» **WORK ORDER**:
Among the entries below, please repeat exactly and only the lines from the line containing "Before flowers turn" to the line containing "Here's a ration", both lines included.

» **INPUT DATA**:
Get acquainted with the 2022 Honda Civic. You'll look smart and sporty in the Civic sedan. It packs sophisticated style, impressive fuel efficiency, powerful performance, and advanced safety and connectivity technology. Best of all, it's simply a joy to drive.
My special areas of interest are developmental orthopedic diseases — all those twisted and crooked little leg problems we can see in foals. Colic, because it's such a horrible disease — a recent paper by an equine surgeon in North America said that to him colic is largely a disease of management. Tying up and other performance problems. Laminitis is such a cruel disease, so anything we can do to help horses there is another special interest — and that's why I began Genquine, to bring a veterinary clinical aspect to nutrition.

--

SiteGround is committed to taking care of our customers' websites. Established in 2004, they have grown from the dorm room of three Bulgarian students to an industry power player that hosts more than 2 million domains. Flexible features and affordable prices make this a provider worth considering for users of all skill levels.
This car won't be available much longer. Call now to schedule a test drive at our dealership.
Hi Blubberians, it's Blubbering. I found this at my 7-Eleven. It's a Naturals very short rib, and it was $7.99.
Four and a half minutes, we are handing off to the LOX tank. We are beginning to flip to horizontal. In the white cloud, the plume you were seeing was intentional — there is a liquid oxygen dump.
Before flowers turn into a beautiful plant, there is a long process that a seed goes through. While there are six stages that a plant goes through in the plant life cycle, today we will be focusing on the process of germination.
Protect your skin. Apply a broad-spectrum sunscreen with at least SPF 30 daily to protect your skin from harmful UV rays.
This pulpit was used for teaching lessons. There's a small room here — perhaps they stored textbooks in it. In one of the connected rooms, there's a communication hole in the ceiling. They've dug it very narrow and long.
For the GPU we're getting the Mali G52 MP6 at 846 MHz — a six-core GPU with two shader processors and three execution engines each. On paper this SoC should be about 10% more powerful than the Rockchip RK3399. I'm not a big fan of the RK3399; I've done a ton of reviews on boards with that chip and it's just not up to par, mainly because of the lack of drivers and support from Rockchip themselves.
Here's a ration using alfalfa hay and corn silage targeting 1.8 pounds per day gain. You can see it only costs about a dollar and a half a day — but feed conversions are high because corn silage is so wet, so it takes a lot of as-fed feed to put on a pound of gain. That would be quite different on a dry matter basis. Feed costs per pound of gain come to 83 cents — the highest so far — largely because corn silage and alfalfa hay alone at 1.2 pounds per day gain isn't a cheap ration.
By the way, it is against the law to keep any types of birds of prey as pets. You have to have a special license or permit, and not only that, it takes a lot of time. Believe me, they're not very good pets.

==

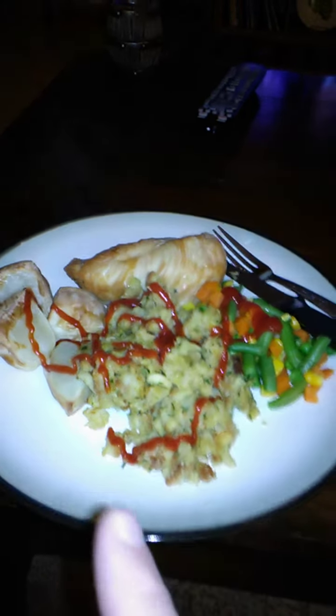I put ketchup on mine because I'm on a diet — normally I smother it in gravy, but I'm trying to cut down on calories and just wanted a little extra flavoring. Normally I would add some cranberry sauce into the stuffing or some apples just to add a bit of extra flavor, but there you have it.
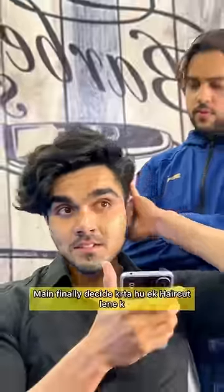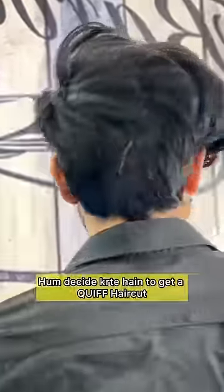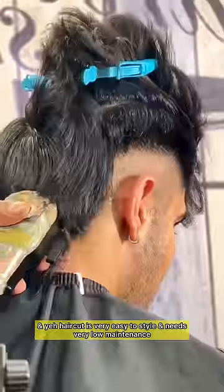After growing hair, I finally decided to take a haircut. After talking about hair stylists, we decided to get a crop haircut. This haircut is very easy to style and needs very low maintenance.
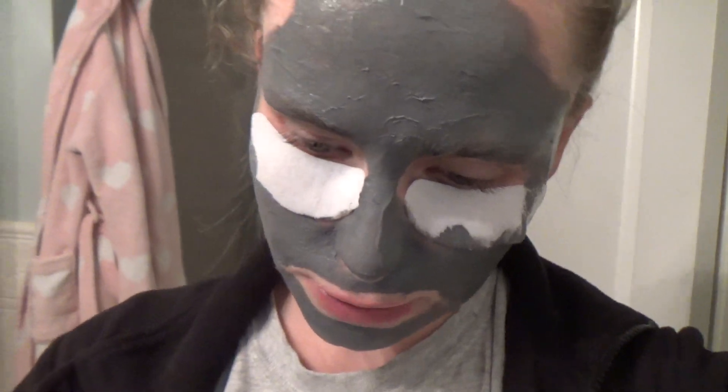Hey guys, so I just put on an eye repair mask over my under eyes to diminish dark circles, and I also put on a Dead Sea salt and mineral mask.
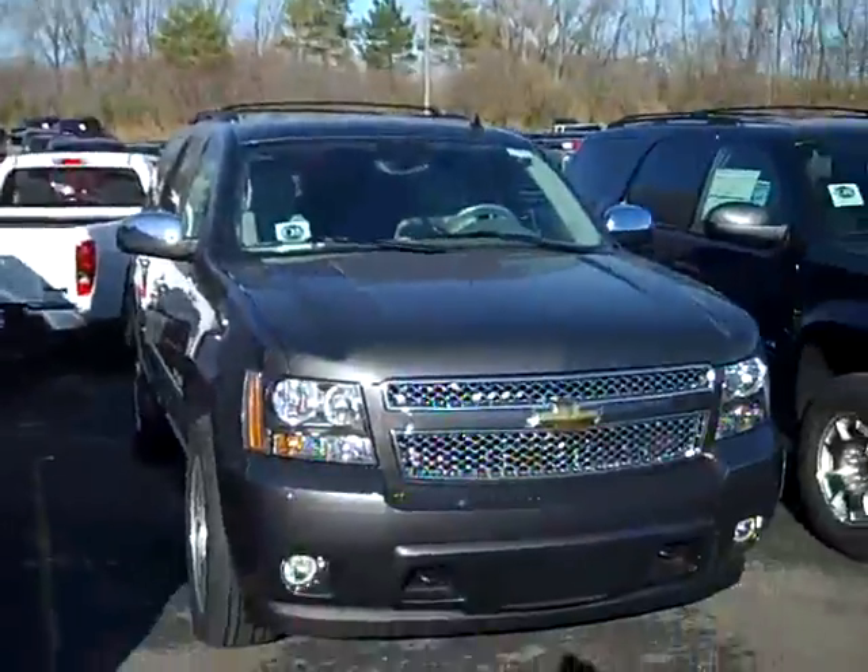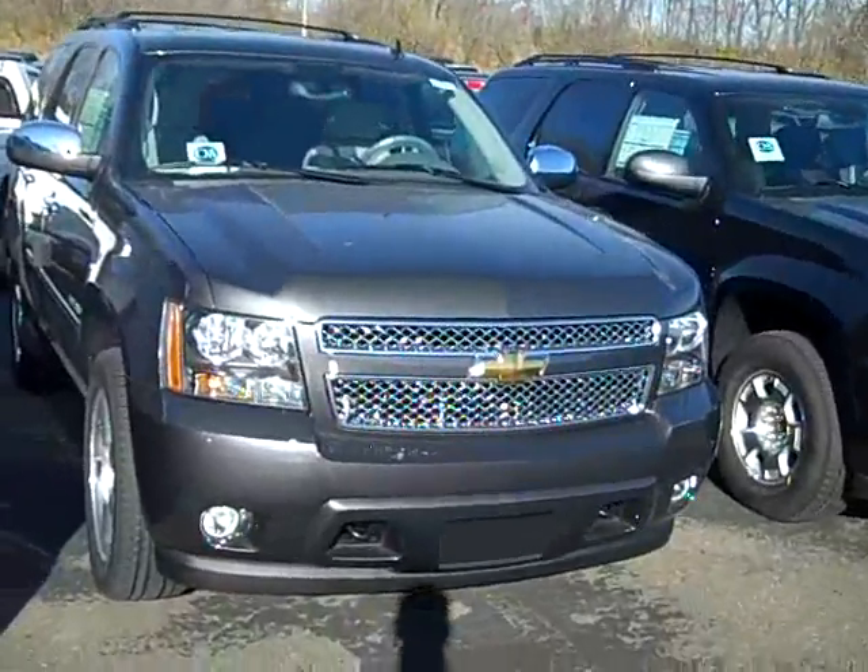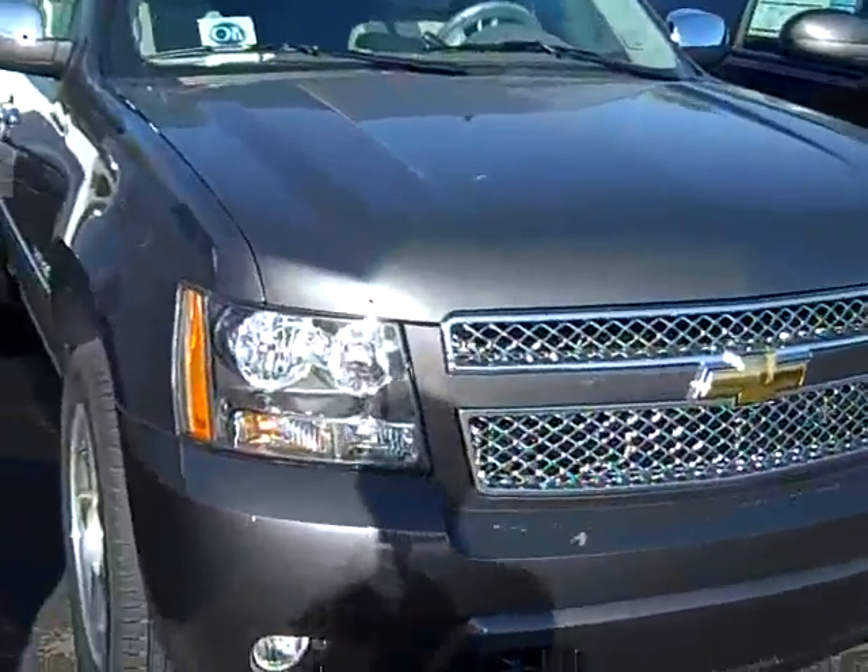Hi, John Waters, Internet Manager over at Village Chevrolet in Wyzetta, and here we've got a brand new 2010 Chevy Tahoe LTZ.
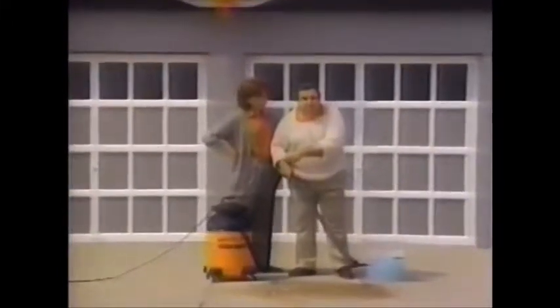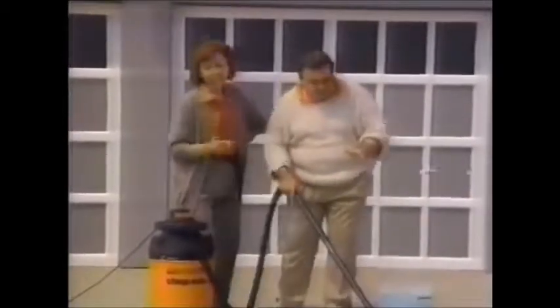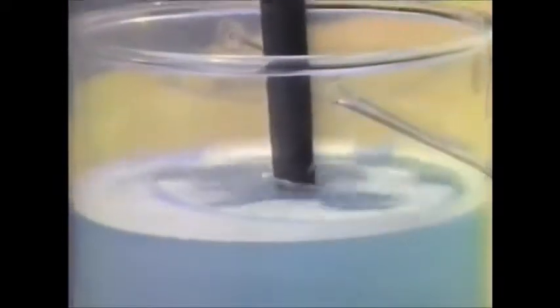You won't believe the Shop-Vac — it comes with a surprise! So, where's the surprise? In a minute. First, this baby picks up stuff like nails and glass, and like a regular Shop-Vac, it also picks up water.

» **OUTPUT OF THE TASK**:
Before flowers turn into a beautiful plant, there is a long process that a seed goes through. While there are six stages that a plant goes through in the plant life cycle, today we will be focusing on the process of germination.
Protect your skin. Apply a broad-spectrum sunscreen with at least SPF 30 daily to protect your skin from harmful UV rays.
This pulpit was used for teaching lessons. There's a small room here — perhaps they stored textbooks in it. In one of the connected rooms, there's a communication hole in the ceiling. They've dug it very narrow and long.
For the GPU we're getting the Mali G52 MP6 at 846 MHz — a six-core GPU with two shader processors and three execution engines each. On paper this SoC should be about 10% more powerful than the Rockchip RK3399. I'm not a big fan of the RK3399; I've done a ton of reviews on boards with that chip and it's just not up to par, mainly because of the lack of drivers and support from Rockchip themselves.
Here's a ration using alfalfa hay and corn silage targeting 1.8 pounds per day gain. You can see it only costs about a dollar and a half a day — but feed conversions are high because corn silage is so wet, so it takes a lot of as-fed feed to put on a pound of gain. That would be quite different on a dry matter basis. Feed costs per pound of gain come to 83 cents — the highest so far — largely because corn silage and alfalfa hay alone at 1.2 pounds per day gain isn't a cheap ration.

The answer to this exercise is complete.